WORK ITEM:
Copy word for word the lines in the records below, starting at the line with "Menu de mariage" and ending at the line with "Nine West Shoes". Skip the pictures.
-- TASK INPUT follows --
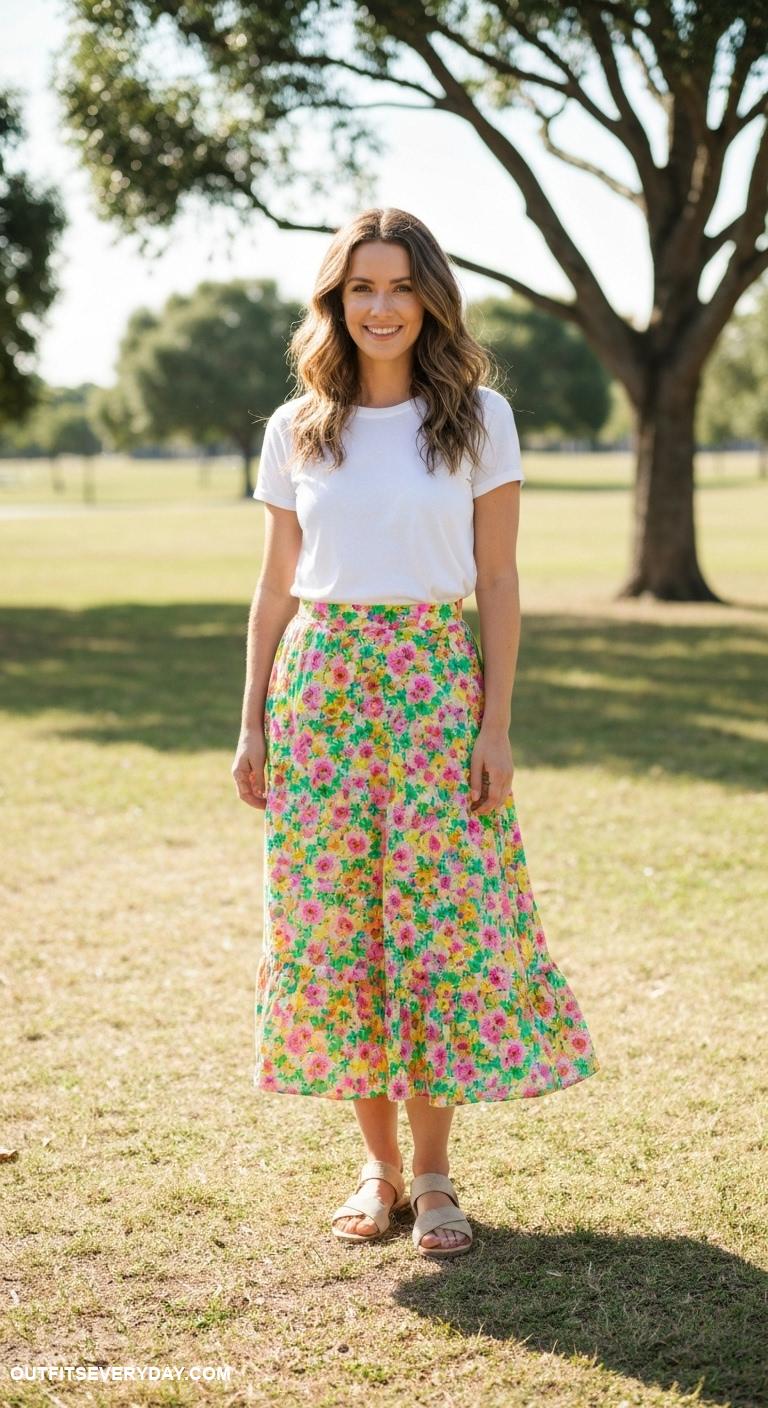 t shirt outfits Classic white tee tucked into a floral midi skirt with sandals
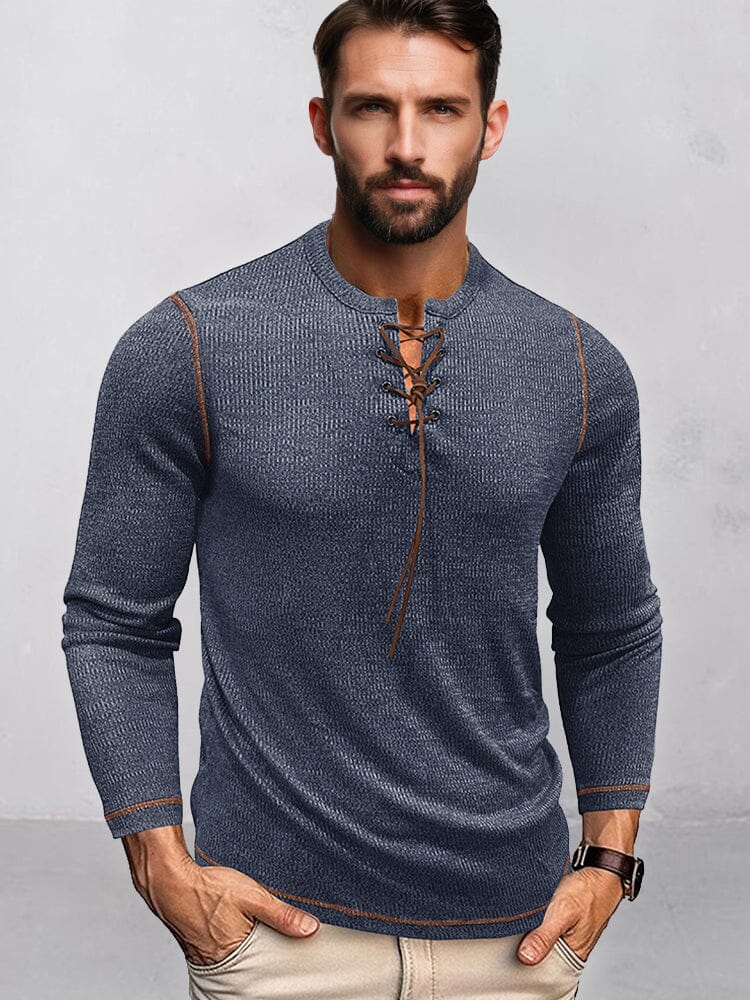 Camisa henley con canalé y cordón de contraste
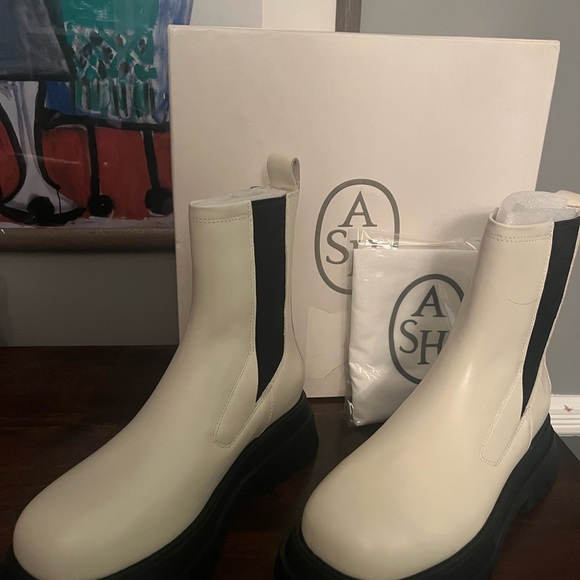 New ASH Elite Tofu Off-White Leather Platform Chelsea Womens Boots - Size 38 - Picture 5 of 8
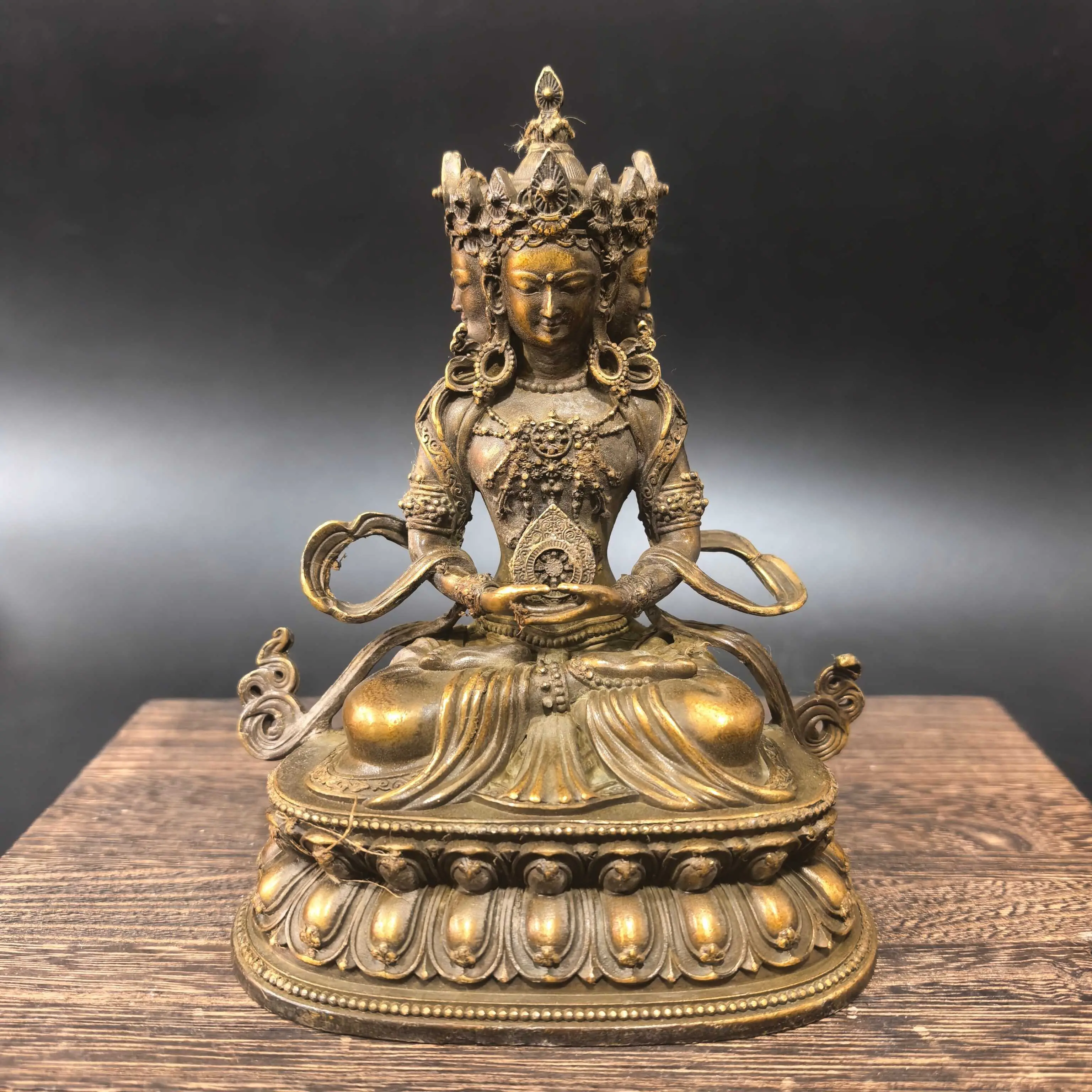 Antique Collection Alloy Copper Old Copper Large Four-Sided Buddha, Kazong, Master Statue of Nepal, King Kong Ornament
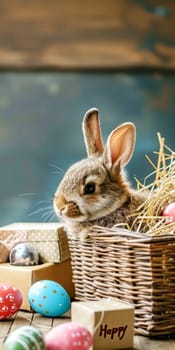 Cute Easter bunny in a wicker basket with dyed eggs on a wooden table. Easter vertical banner for smart phone with copy space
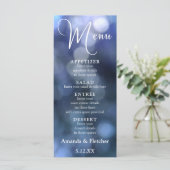 Menu de mariage 32 Blue Bokeh Light & Typographie (Debout devant)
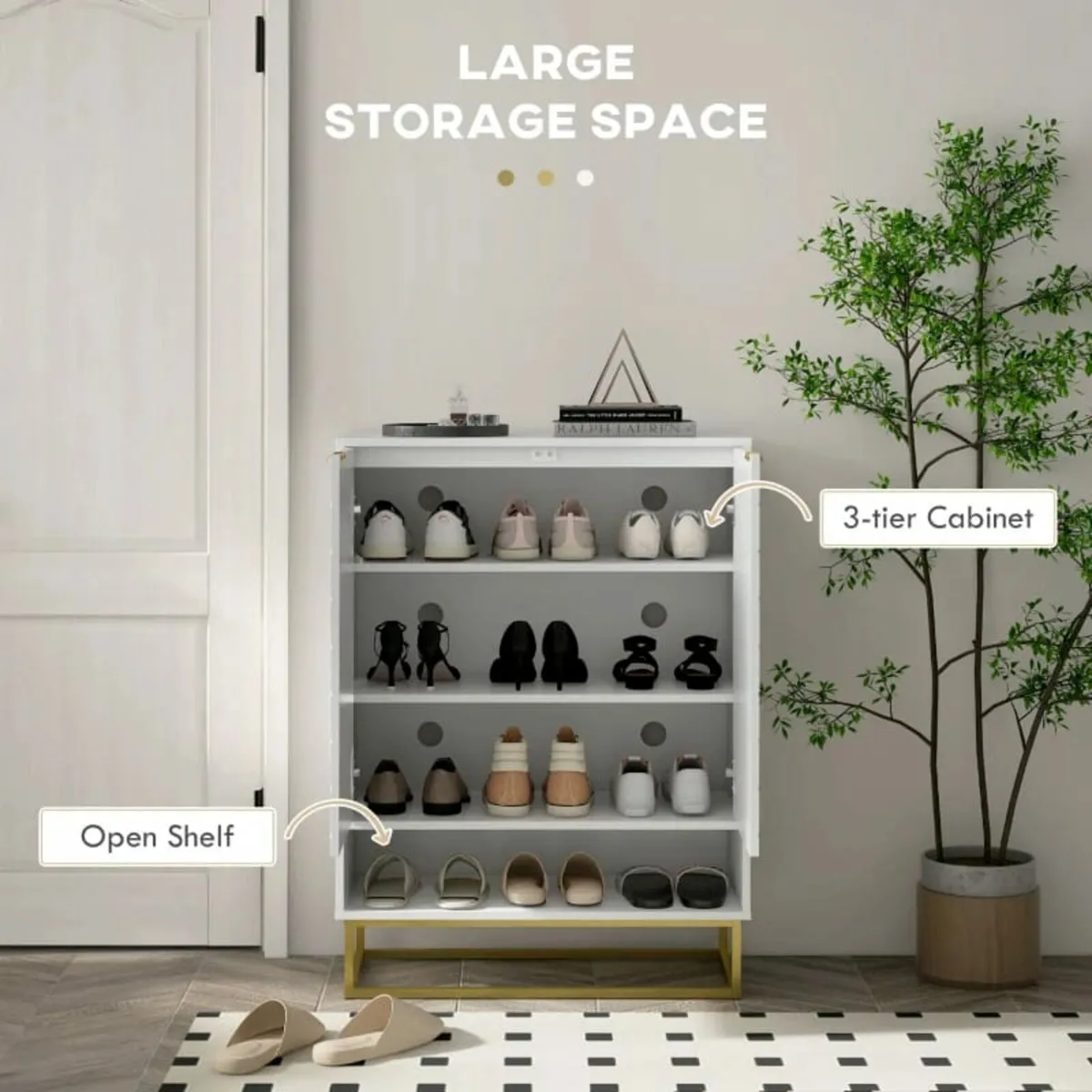 Shoe Storage Cabinet, Modern Shoe Cupboard with Op - Image 4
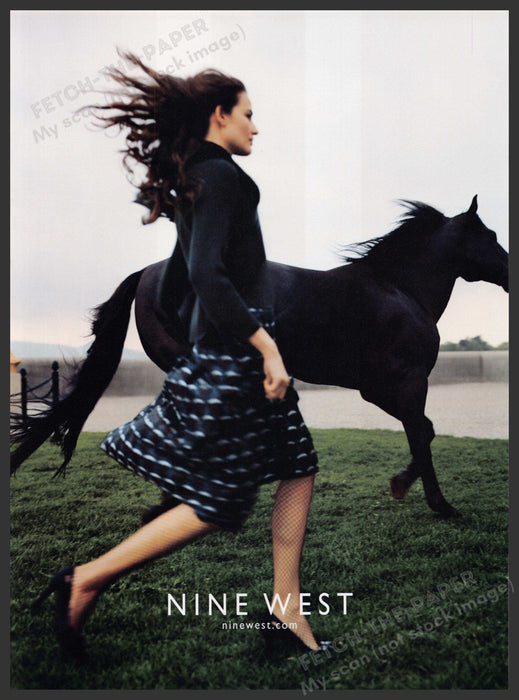 Nine West Shoes Footwear 2000s Print Advertisement 2005 Legs Black Horse Fetch-the-Paper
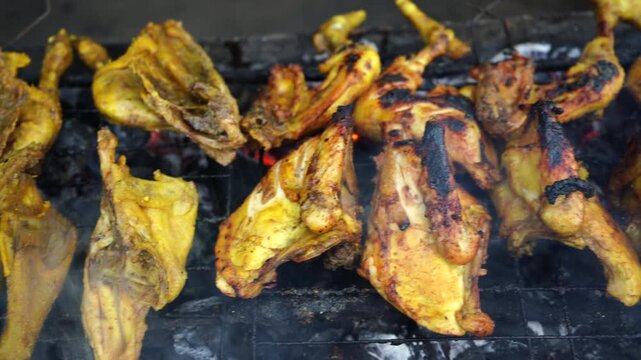 Ayam bakar is an Indonesian and Malaysian dish, consisting of charcoal-grilled chicken. Ayam bakar literally means "roasted chicken" in Indonesian and Malay.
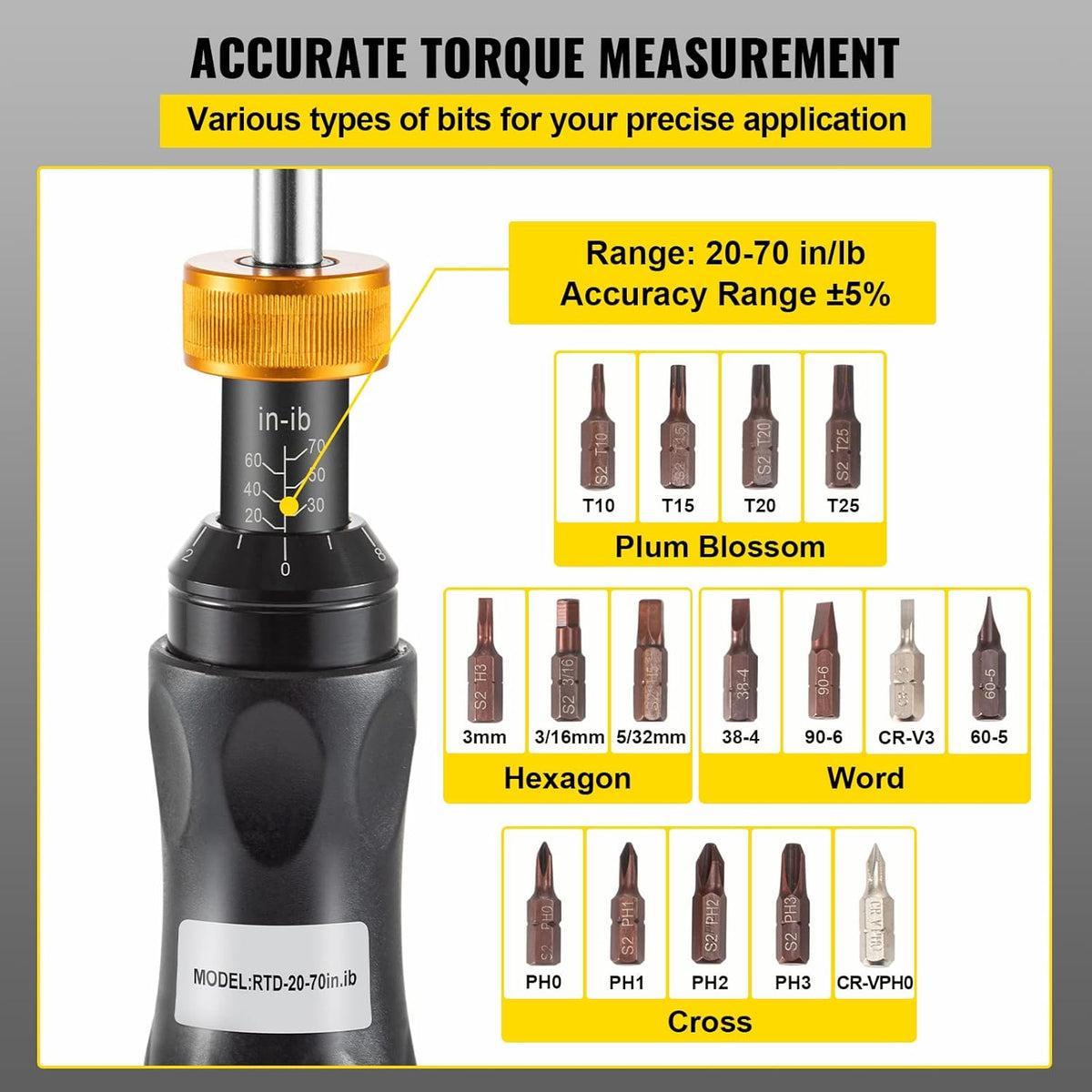 1/4 Drive Adjustable Torque Screwdriver with Bits & Case H751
-- TASK INPUT concluded --
ANSWER BOX:
 Menu de mariage 32 Blue Bokeh Light & Typographie (Debout devant)
 Shoe Storage Cabinet, Modern Shoe Cupboard with Op - Image 4
 Nine West Shoes Footwear 2000s Print Advertisement 2005 Legs Black Horse Fetch-the-Paper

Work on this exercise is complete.